Durante 25 años compartieron la vida, el amor y la política. Él a nadie quiso más que a Encarnación. Ella fue ladera y aliada incondicional de Juan Manuel. Tuvieron tres hijos y criaron uno más, adoptado. La muerte prematura de Encarnación los separó y él la sobrevivió 40 años.

POR DANIEL GIARONE

El historiador Vicente Fidel López describía a Juan Manuel de Rosas como un macho alto, hercúleo, de semblante rubio, ojos azules y hermosa figura, que tenía un ‘no sé qué’, que avasallaba. Los unitarios decían que Encarnación Ezcurra era una hembra parda, fea y de facciones viriles, apodándola incluso “la mulata Toribia”, en alusión a una cuchillera de la época acusada de matar a varios hombres.

Pero por debajo del odio y de la historia, también de las víctimas y de los victimarios, corría un amor apasionado e incondicional. Una historia que convirtió a Juan Manuel y Encarnación en protagonistas insoslayables de la Argentina en disputa, esa que empezó a nacer apenas se apagaron los sones de la Revolución de Mayo.

Una historia que a la par de colectiva es de a dos, de dos “almas gemelas”, acorde al romanticismo que reinaba en la época. Lucio V. Mancilla, dirá: “La encarnación de aquellas dos almas fue completa.

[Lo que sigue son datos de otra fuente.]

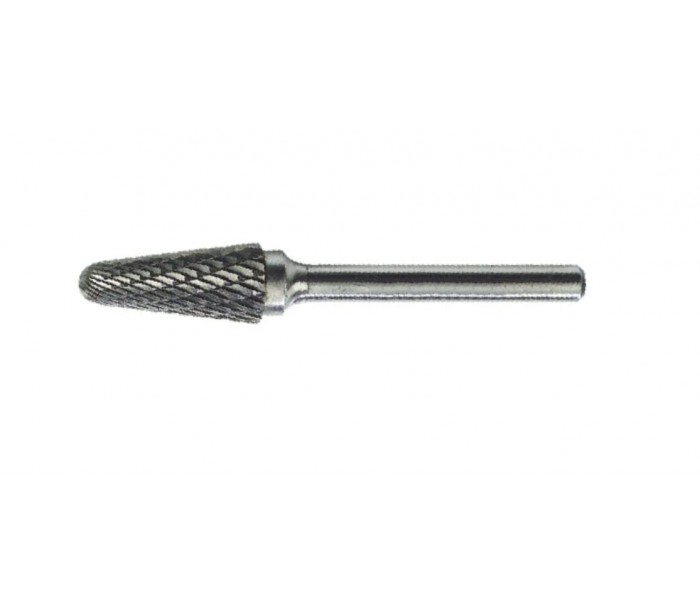Eric L6x6x16 KARBÜR KALIPÇI FREZE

A nadie quizás amó tanto Rosas como a su mujer, ni nadie creyó tanto en él como ella”. Pero en el amor, tal vez más que en la política, los buenos no siempre ganan ni las pasiones alcanzan para cambiarlo todo.

Es que Juan Manuel, que por donde camina a saltos esta historia ya tenía 20 años, y Encarnación, que en los salones no le daban más de los 18 que tenía, se enamoraron de una vez y para siempre. Aún sin considerar que aquel muchacho que había mostrado valor y heroismo en la resistencia a las invasiones inglesas de 1806 y 1807, que mandaba con carisma implacable en campos propios y ajenos, ese muchacho, decíamos, debería enfrentar la voluntad de su madre.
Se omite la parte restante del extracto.